River of Dreams by Jenny Lykins

Posted by Mrs Giggles on July 5, 1999 in 2 Oogies, Book Reviews, Genre: Fantasy & Sci-fi

River of Dreams by Jenny Lykins

Jove, $5.99, ISBN 0-515-12607-1
Paranormal Romance, 1999

Brianne Davis is a TV ad model and student of midwifery arts. One day she accompanies best buddy David to a seance, and somehow they summon up a ghost of a really good-looking guy who claims to be a Griffin uh… I can’t recall his last name, if it is ever told in the first place. Griffin moves into David’s body, kisses her, she gets all hot and shivery… then one day lightning strikes and Brianne is transported back to 1832 to occupy Amily’s body. Amily is Florence’s sister and Florence is David’s wife. David loves Amily but refuses to cheat on his wife and hurt his sister-in-law.

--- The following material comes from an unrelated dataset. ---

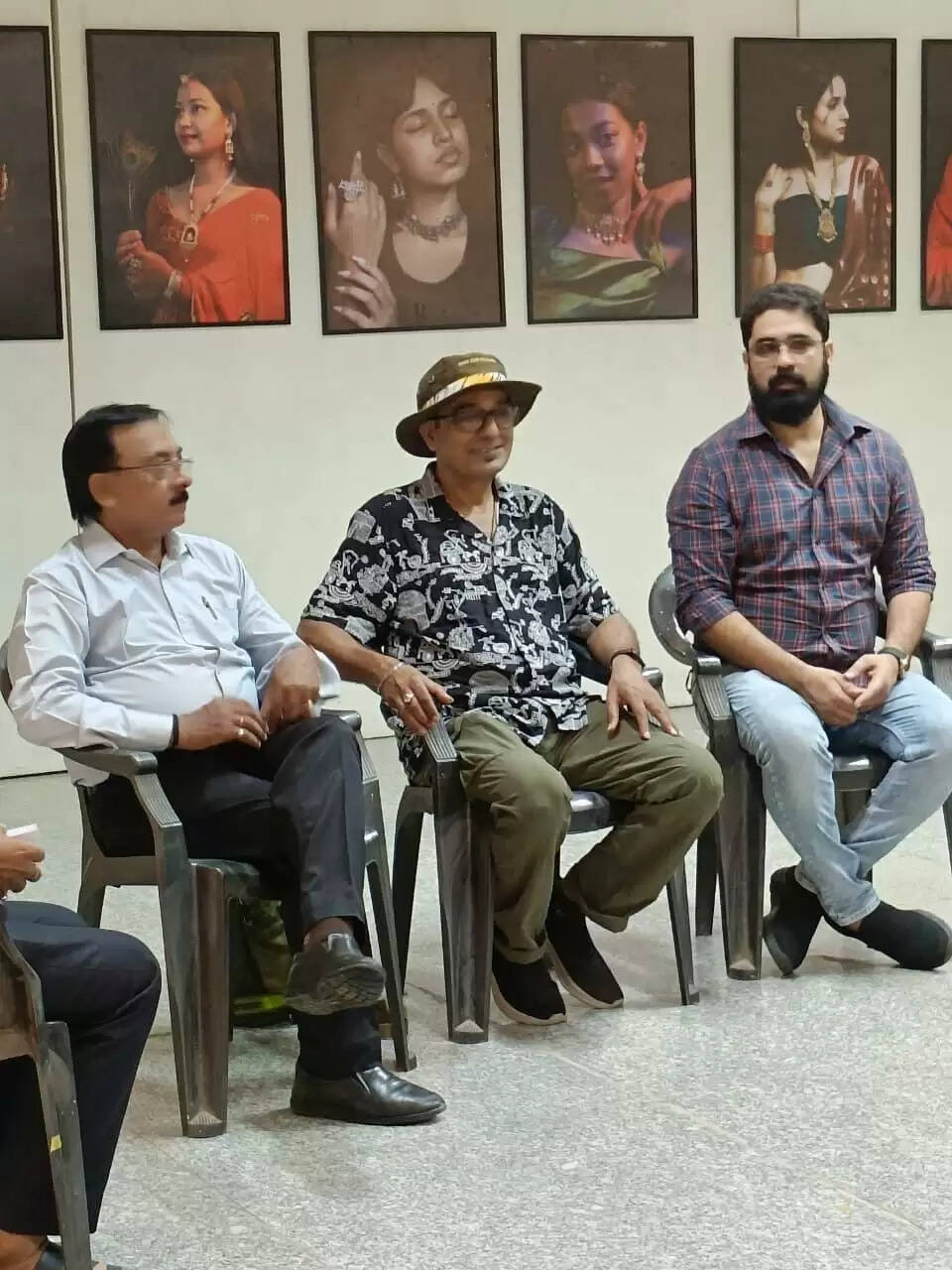  विश्व फोटोग्राफी दिवस के अवसर पर बनारस हिंदू विश्वविद्यालय (बीएचयू) के दृश्य कला संकाय द्वारा आयोजित 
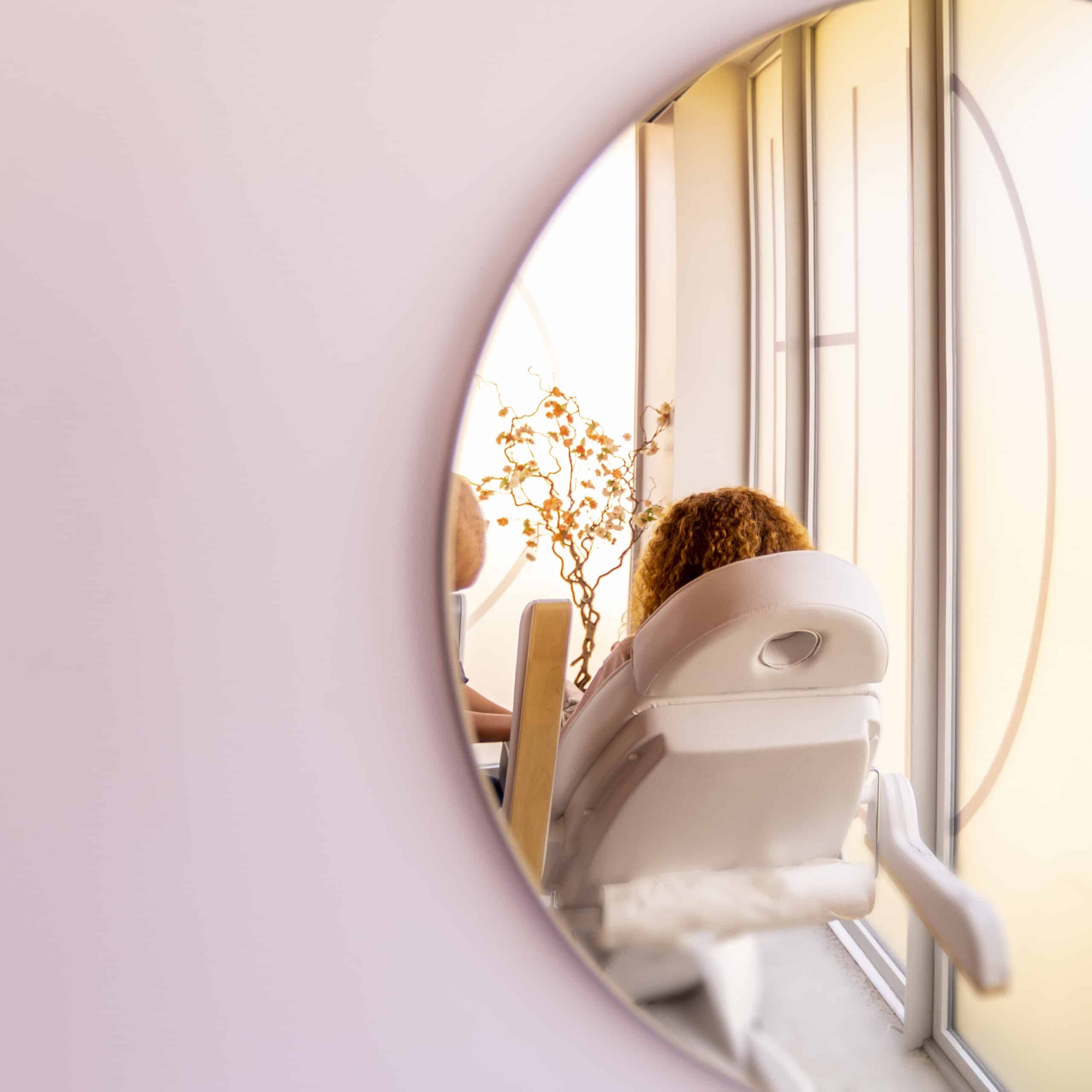 Miroir avec un reflet de fauteil de consultation reflet miroir salle laser - Hind clinique de beaute Montpellier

Amily loves David but doesn’t want to hurt her sister’s marriage. Florence loves David as a friend.

One thing’s for sure: Brianne/Amily knows from history that Florence, who is expecting, will die from childbirth soon, and should Amily and David get together after Florence’s death, they will both die from some riding accident. Hence, Brianne/Amily decides that in order to save David, they must not get together. Oh yeah, maybe she should try and save Florence too, what with Brianne only two weeks away from graduating from her midwife course.

While reading River of Dreams, I get the uneasy feeling that the usual guilt and woe drama is going to start the moment Florence passes away. I’m right, and am quite annoyed by the whole thing: Griffin impregnates the wife the night he was dreaming of making love to Amily, and you guessed it, major guilt trip time. Griffin flees to drown his sorrow, leaving Amily/Brianne to face a flu epidermic alone (men – typical), comes back and indulge in yet another guilt trip when he realizes that he has abandoned Amily/Brianne in a time of need… really, Griff is one of the most useless heroes I’ve ever read. Griff is always too late in arriving whenever Amily/Brianne needs him. For a romance hero, Griff barely makes the cut.

And maybe it’s because I’m getting on with the years, but I’ve reread the last few chapters several times. I still don’t get it. The villains appear out of the blue, characters in the past suddenly gets zapped into the present without any plausible explanation… and is David is or isn’t Griffin? Sometimes there is one paragraph that says Brianne’s back to the present and is talking to David, then the next paragraph there’s a dimming of lights and a cloud of smoke and she’s back in 1832 and talking to Griff.

Hello? What’s going on? I’ll just blame the book. It’s confusing. Not my fault. Case closed.